=== Task directions ===
Your response should contain only the lines running from the top of the data below through the line with "Cinematic rim lighting", both included. Pictures must be omitted.
((
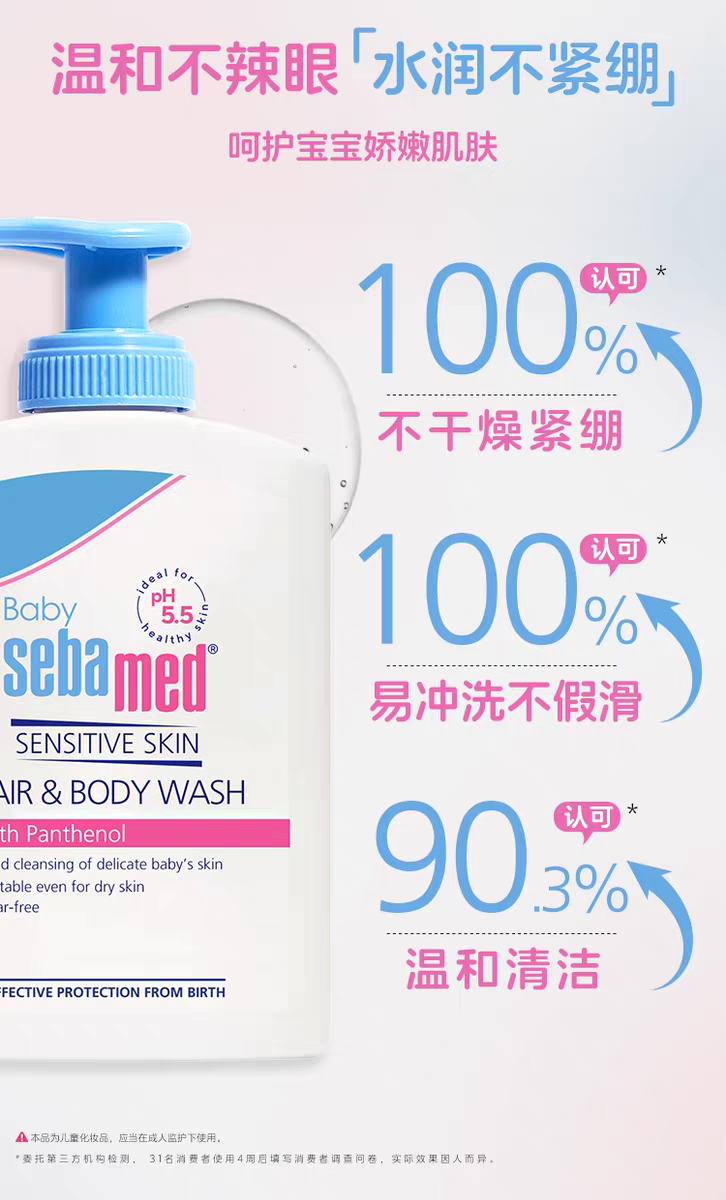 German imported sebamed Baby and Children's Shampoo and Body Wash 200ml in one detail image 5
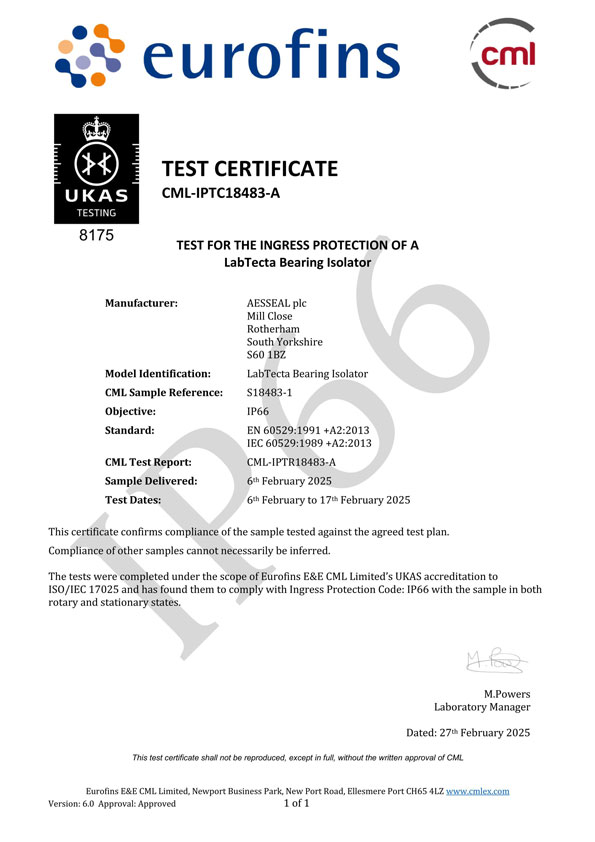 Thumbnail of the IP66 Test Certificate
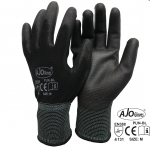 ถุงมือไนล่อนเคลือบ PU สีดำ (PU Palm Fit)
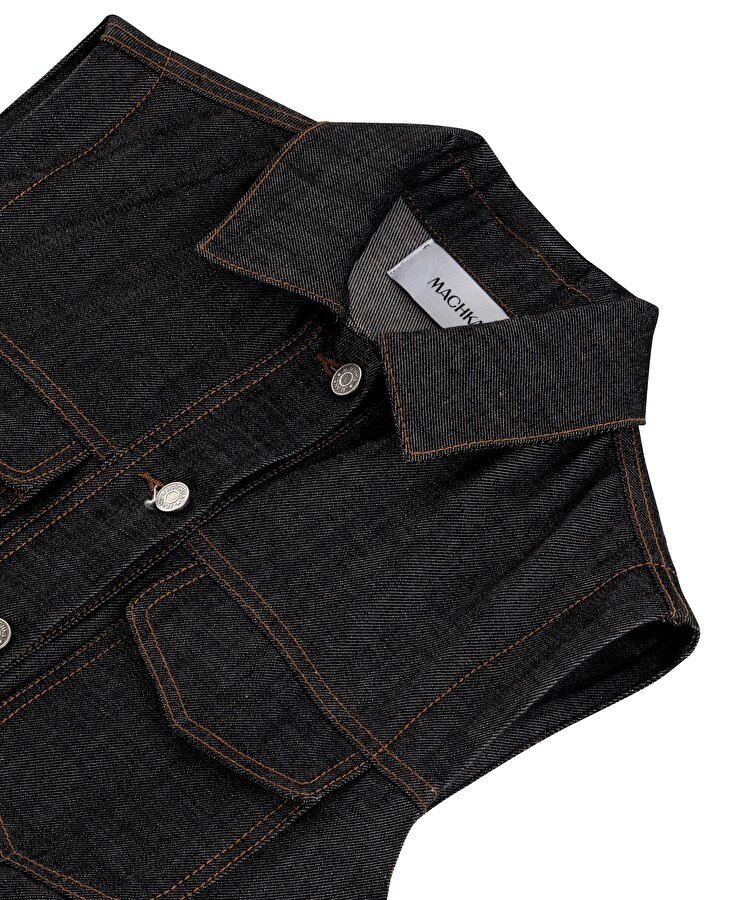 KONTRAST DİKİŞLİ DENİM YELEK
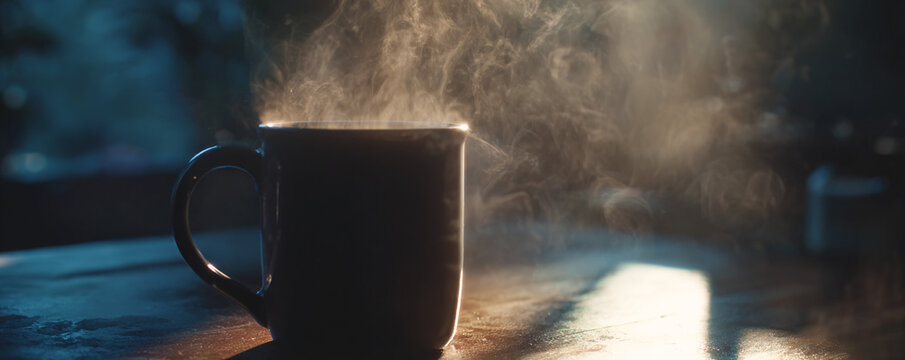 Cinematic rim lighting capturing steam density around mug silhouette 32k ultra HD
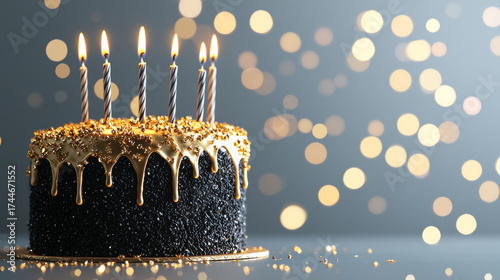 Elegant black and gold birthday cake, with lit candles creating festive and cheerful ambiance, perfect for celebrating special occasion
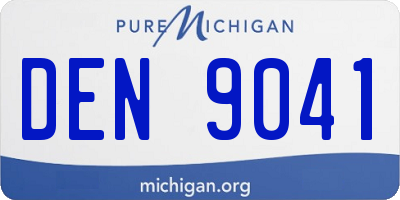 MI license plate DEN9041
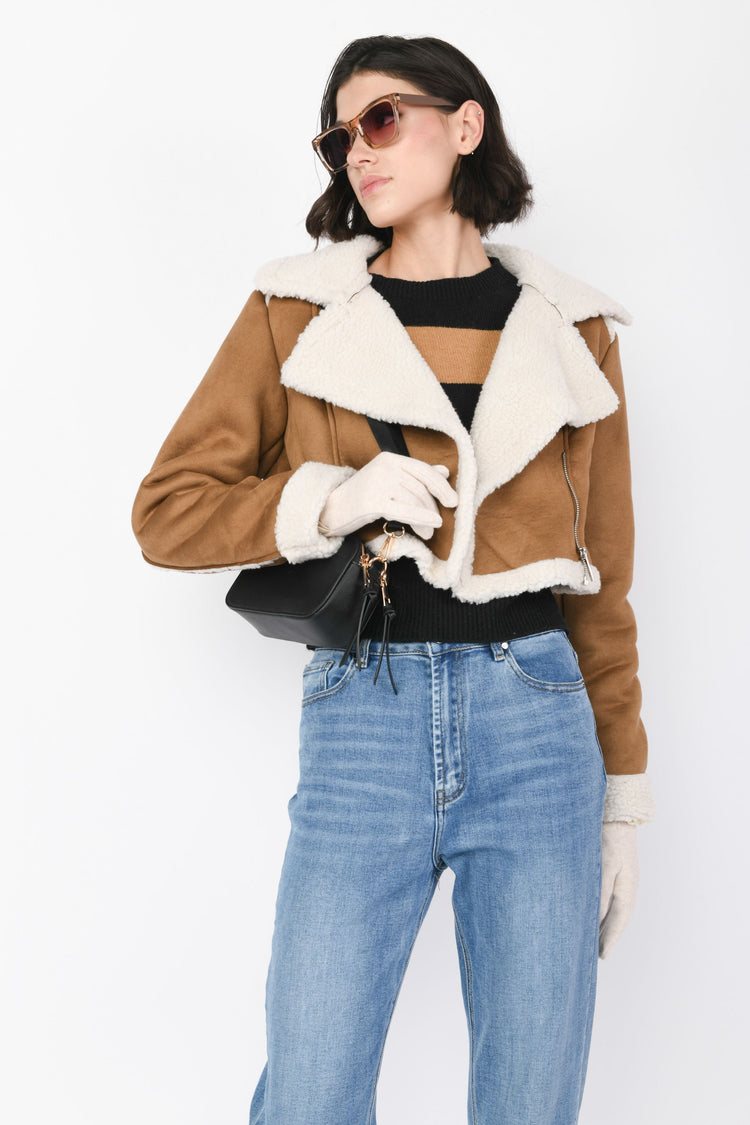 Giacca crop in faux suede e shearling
))
=== Task output ===
 German imported sebamed Baby and Children's Shampoo and Body Wash 200ml in one detail image 5
 Thumbnail of the IP66 Test Certificate
 ถุงมือไนล่อนเคลือบ PU สีดำ (PU Palm Fit)
 KONTRAST DİKİŞLİ DENİM YELEK
 Cinematic rim lighting capturing steam density around mug silhouette 32k ultra HD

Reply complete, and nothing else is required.